## Material for the task
══════════════════════════════

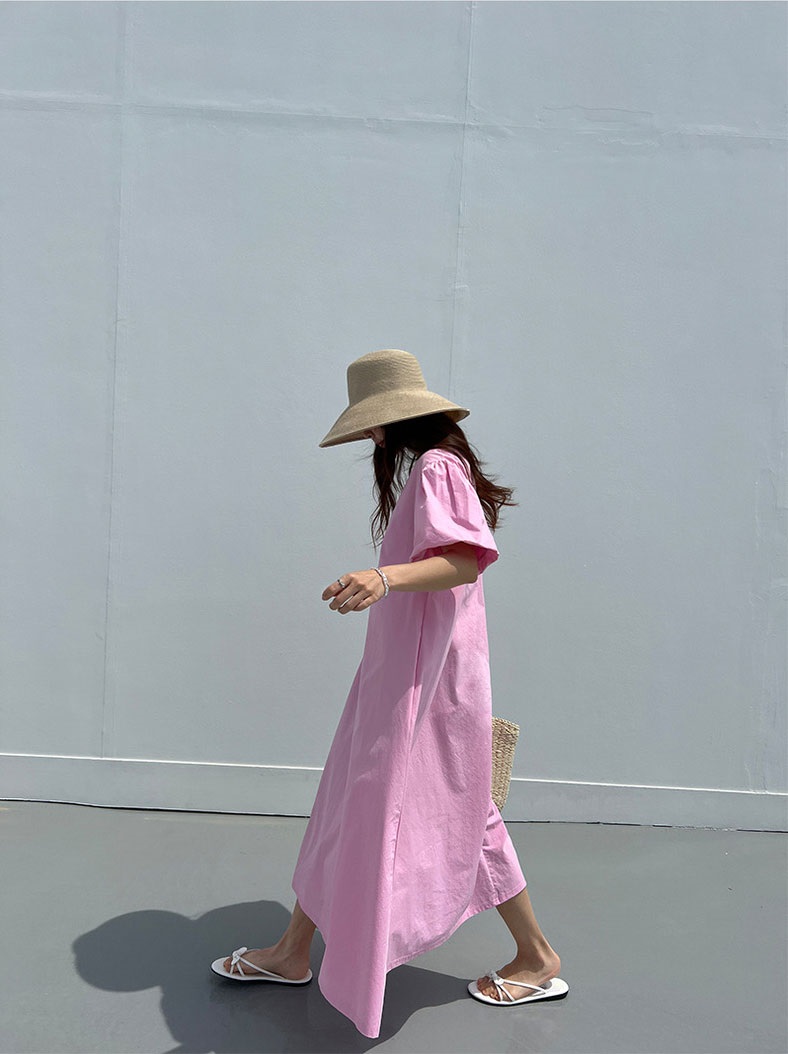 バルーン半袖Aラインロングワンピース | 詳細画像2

══════════════════════════════

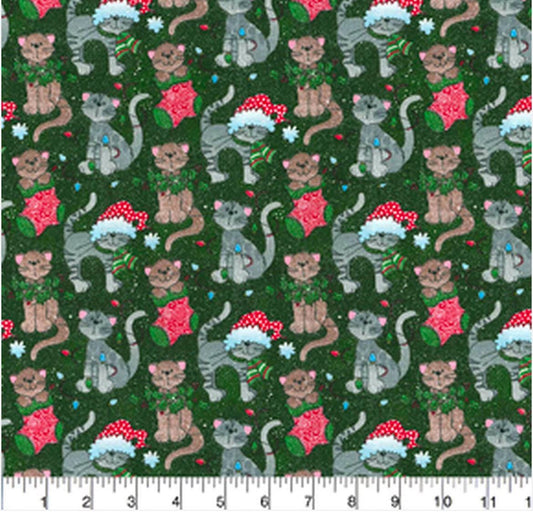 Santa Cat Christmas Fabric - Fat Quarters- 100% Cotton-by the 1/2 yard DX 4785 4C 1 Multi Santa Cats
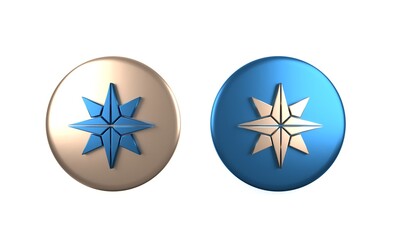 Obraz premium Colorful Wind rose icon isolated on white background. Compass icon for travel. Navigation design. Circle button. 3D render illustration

══════════════════════════════

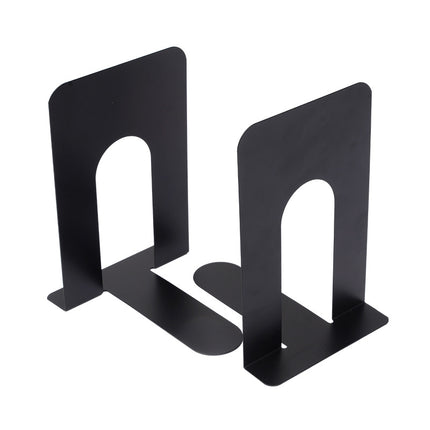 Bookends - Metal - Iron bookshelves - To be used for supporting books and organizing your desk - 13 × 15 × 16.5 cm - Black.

══════════════════════════════

Above, find the line with "Santa Cat Christmas"; copy it and every line down to the line with "Obraz premium Colorful", exactly and both included, but no pictures.

 Santa Cat Christmas Fabric - Fat Quarters- 100% Cotton-by the 1/2 yard DX 4785 4C 1 Multi Santa Cats
 Obraz premium Colorful Wind rose icon isolated on white background. Compass icon for travel. Navigation design. Circle button. 3D render illustration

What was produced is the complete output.